Tallinn - the provenance story


The Tallinn painting is now part of the collection of the Kadriorg Art Museum, which is a branch of the Art Museum of Estonia.

 

The painting was handed over to the Art Museum of Estonia – at that time, the Tallinn State Art Museum –in 1955 by the permanent representation of the Estonian SSR in Moscow (Fig.1 - the identification number of the Embassy). Before the establishment of Soviet rule, the Embassy of the Republic of Estonia, which previously owned the painting, had been located in the same building. The embassy acquired the painting in 1939-40 from Albert Org, a former state official. Org came into possession of the painting in 1920-1, at which time he was chairman of the committee for repatriation in Petrograd. While owned by Org, the Tallinn painting remained in the Estonian Consulate General in Leningrad between 1920 and 1930 (Fig.2)  from where it was moved to Moscow.

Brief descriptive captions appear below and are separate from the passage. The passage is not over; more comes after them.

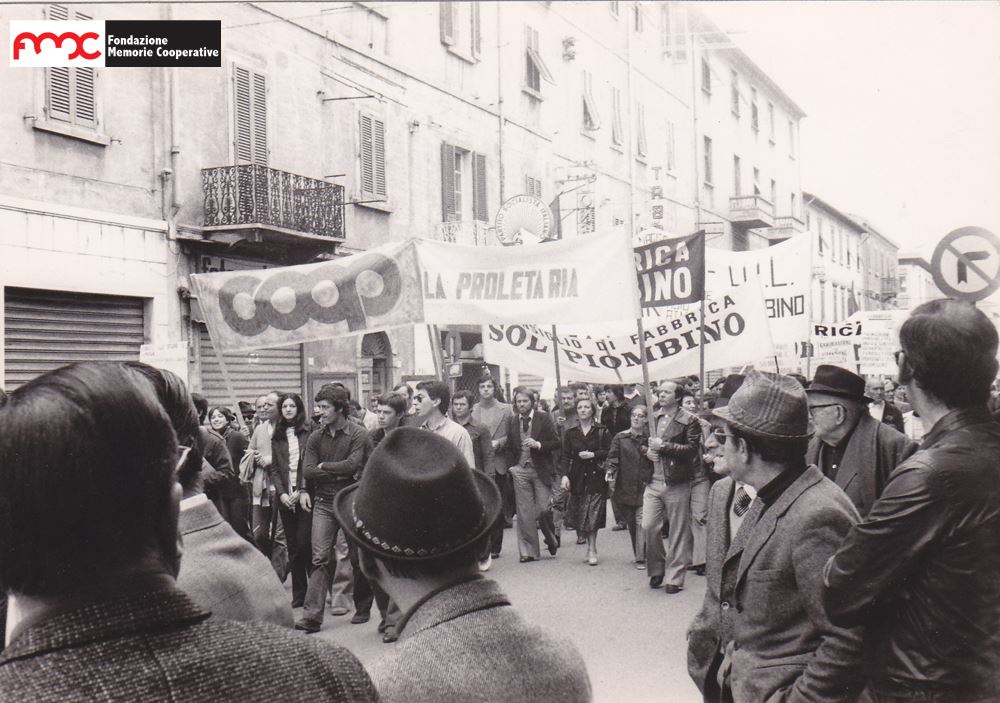 Foto 7. Manifestazione dei lavoratori coop contro il fascismo, Piombino 1970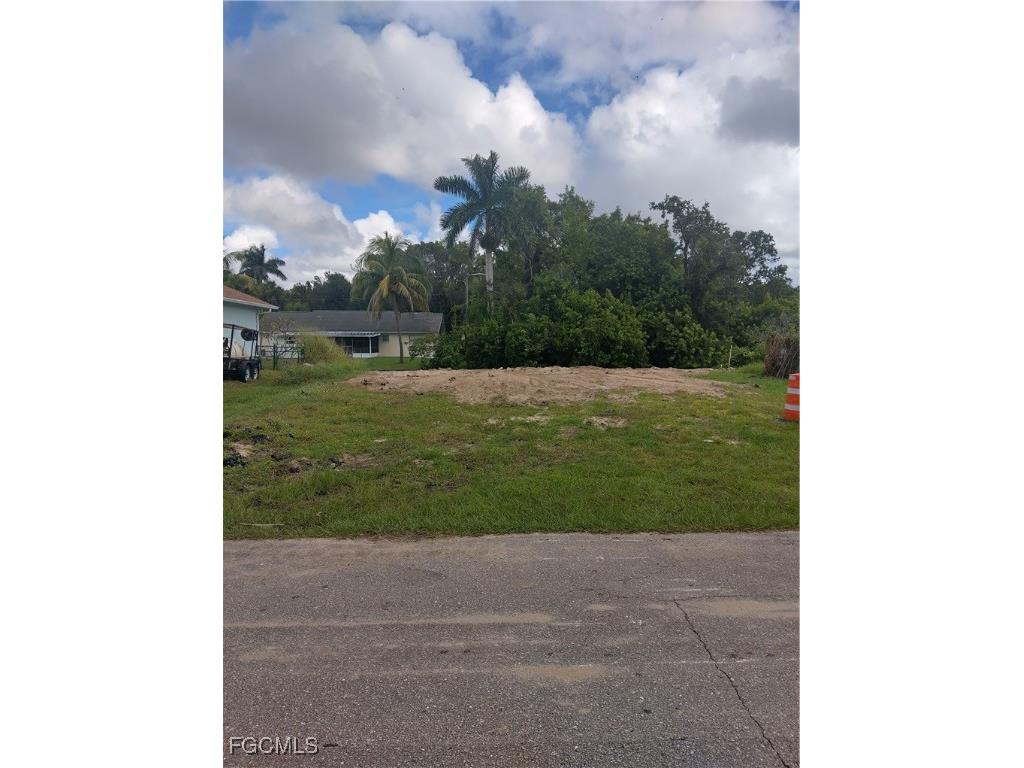 65 Cardinal Drive North Fort Myers FL 33917 2025014243 image2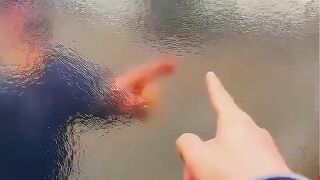 استمع واخشع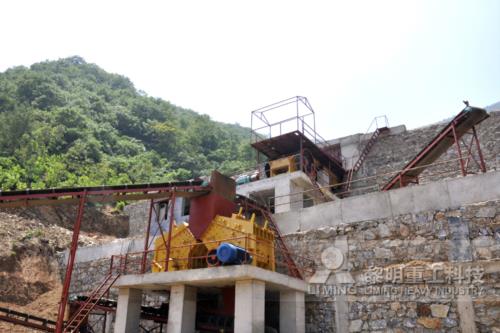 投資日產(chǎn)1000方河卵石制砂機全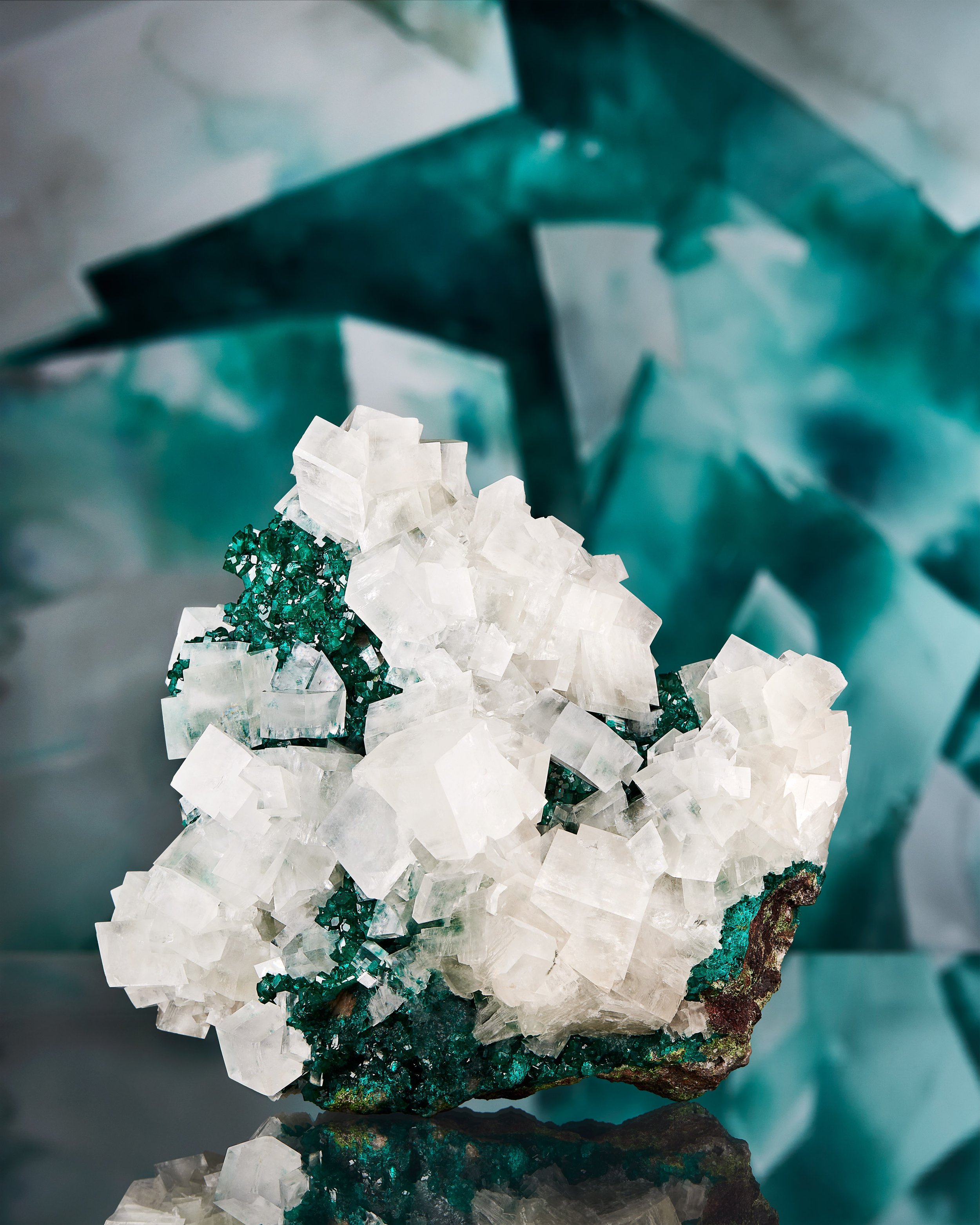 230725Cal-NAM-0122_Atlas_Calcite+Dioptase_Hero.jpg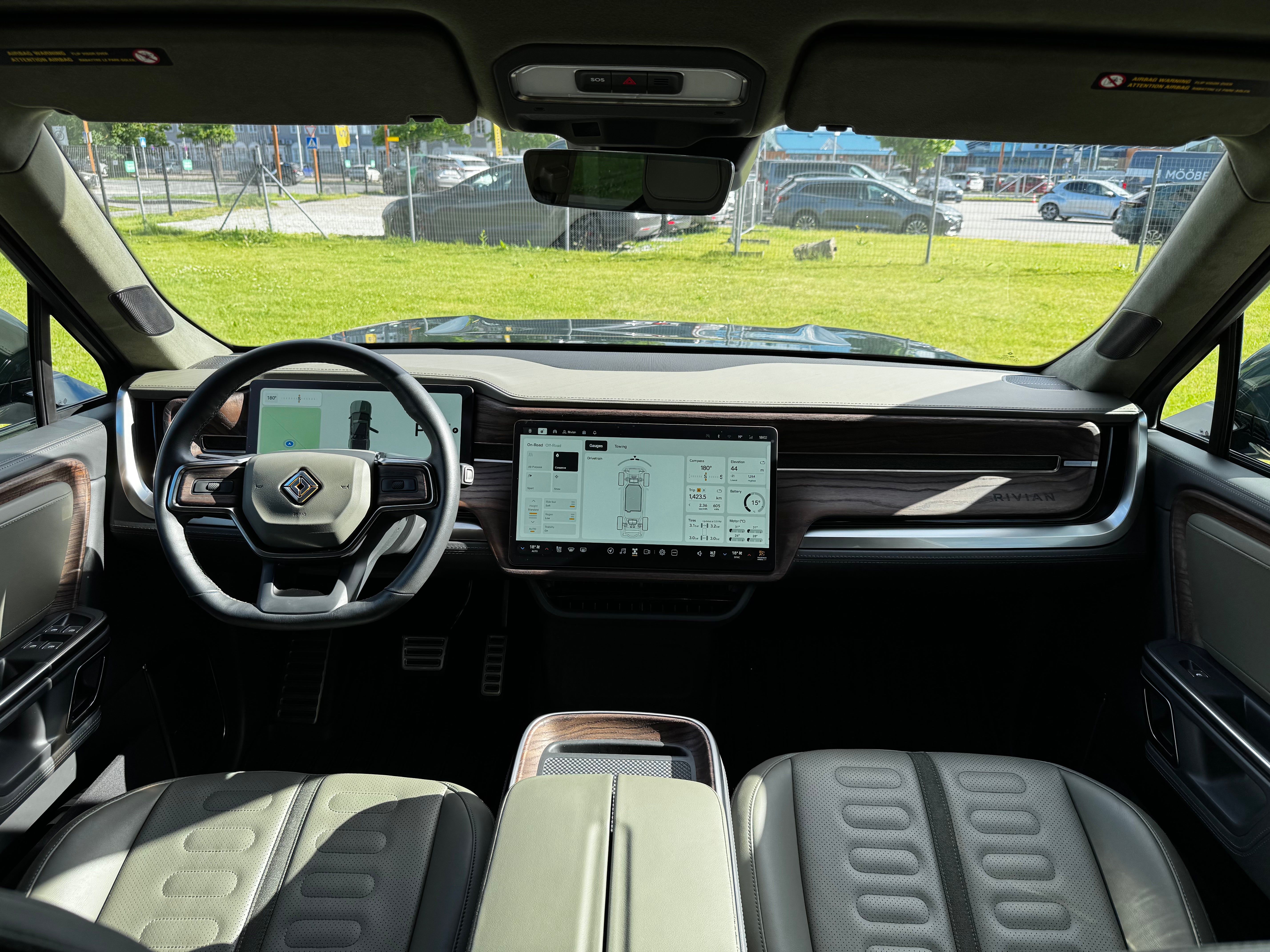 Rivian R1T Adventure Package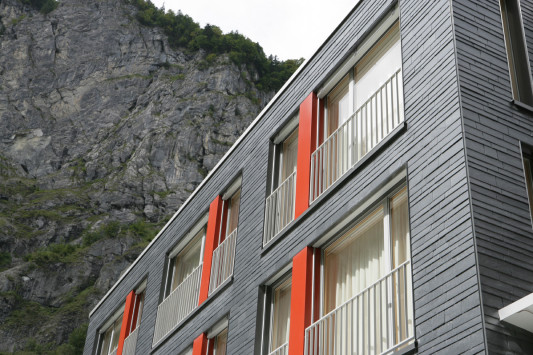Die steinerne Fassade erzeugt einen direkten Bezug zur alpinen Umgebung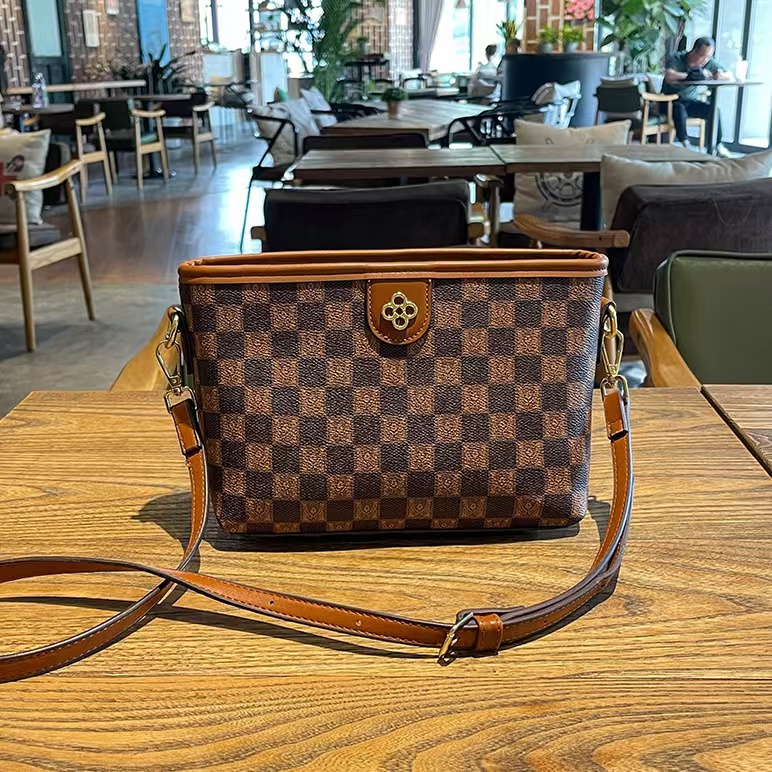 正 068 棋盘格棕 女包【长23cm高16cm厚10cm】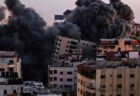 イスラエルの空爆で、パレスチナ人の住む13階建ての建物が倒壊【動画】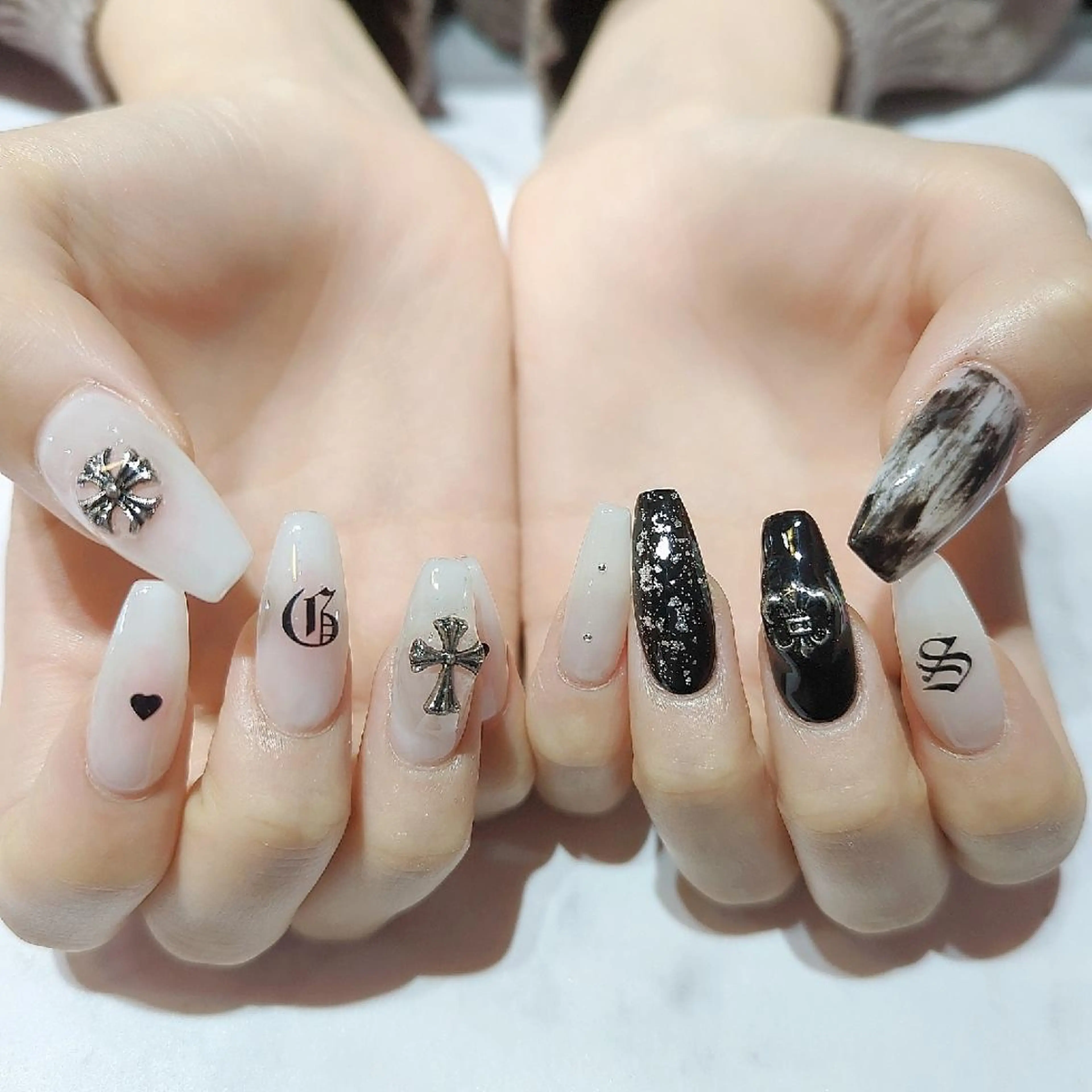 ネイル ハンドネイル あ きのネイルデザイン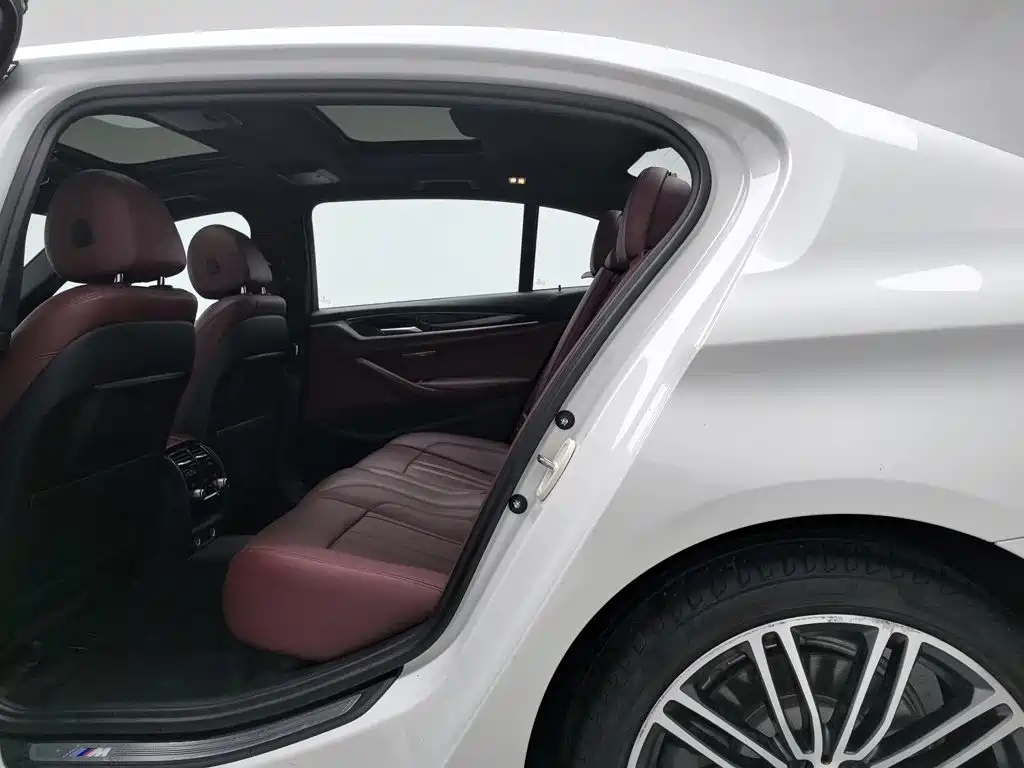 BMW 5 Series — миниатюра 15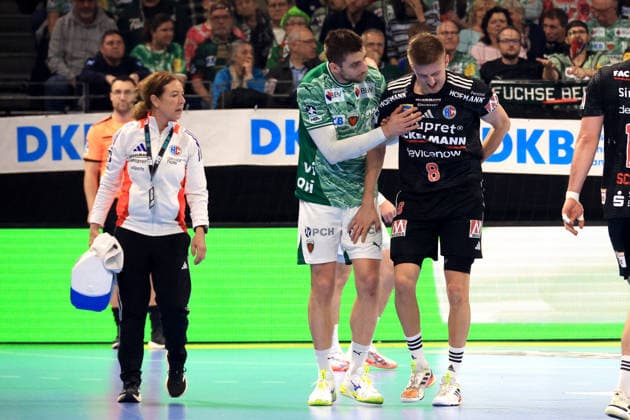 DEU, DHB, 1 HBL, Fuechse Berlin vs Erlangen, 15 03 2026, Max Schmeling Halle, Berlin, DEU, DHB, 1 HBL, Fuechse Berlin vs Erlangen, pictured Nejc Cehte Fuechse Berlin 22 , Sander Overjordet Erlangen 8 , injured nordphotoxGmbHx xEngler nph00076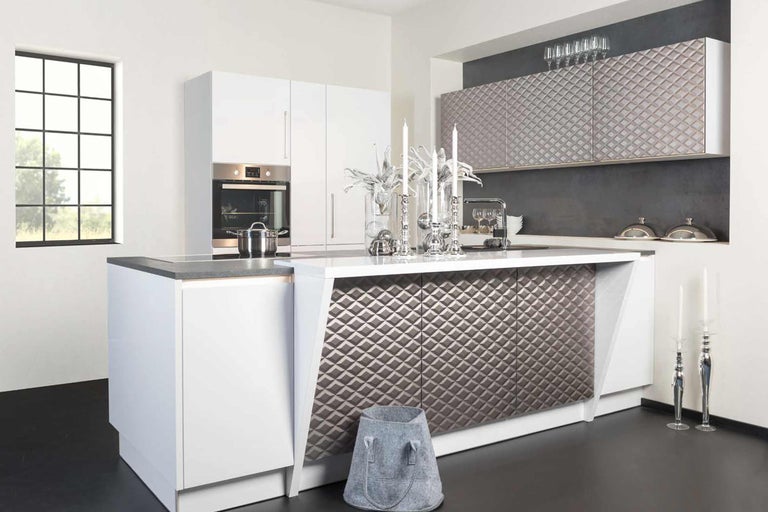 Helle Küche mit Kücheninsel, Einbaubackofen und strukturierten Oberflächen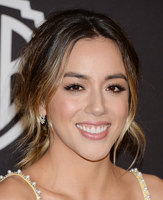 Chloe Bennet magic mug #G2397923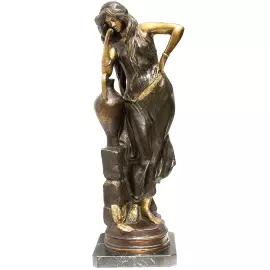 Скульптура бронзовая "Девушка с кувшином"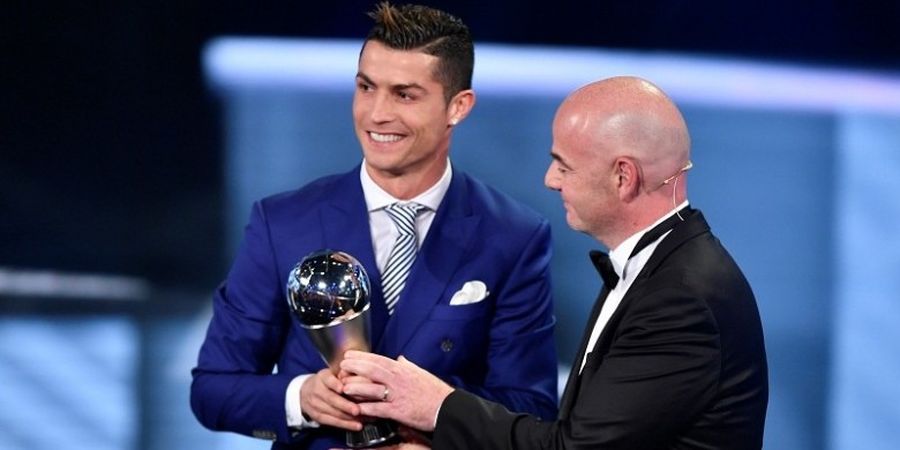 Ronaldo Raih Gelar Pemain Pria Terbaik FIFA 2016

Information regarding the Tallinn painting’s previous whereabouts is scant, but pieces of an Italian-language newspaper on the back of the painting, which were revealed in the course of the 1999 conservation work, suggest the painting was in Italy during the second half of the nineteenth century [Fig. 3 - fragment of the Italian-language newspaper].

The Tallinn painting is the most detailed of the four known versions of the composition, yet the painting has figured the least in the field of international art history. This is for understandable political reasons – under the conditions of a closed society throughout the twentieth century, the repute of the painting was confined to the borders of the Soviet Union.[1] In 2001, the painting was exhibited at an extensive Hieronymus Bosch exhibition at the Museum Boijmans van Beuningen in Rotterdam, and was thereby reintegrated into the Bosch art legacy.[2]

 

 


[1]Ю. И. Кузнецов, ЗападноевропейскаяживописьвмузэяхСССР, Ленинград, 1967.

[2]Koldeweij, Vandenbroeck & Vermet, 2001.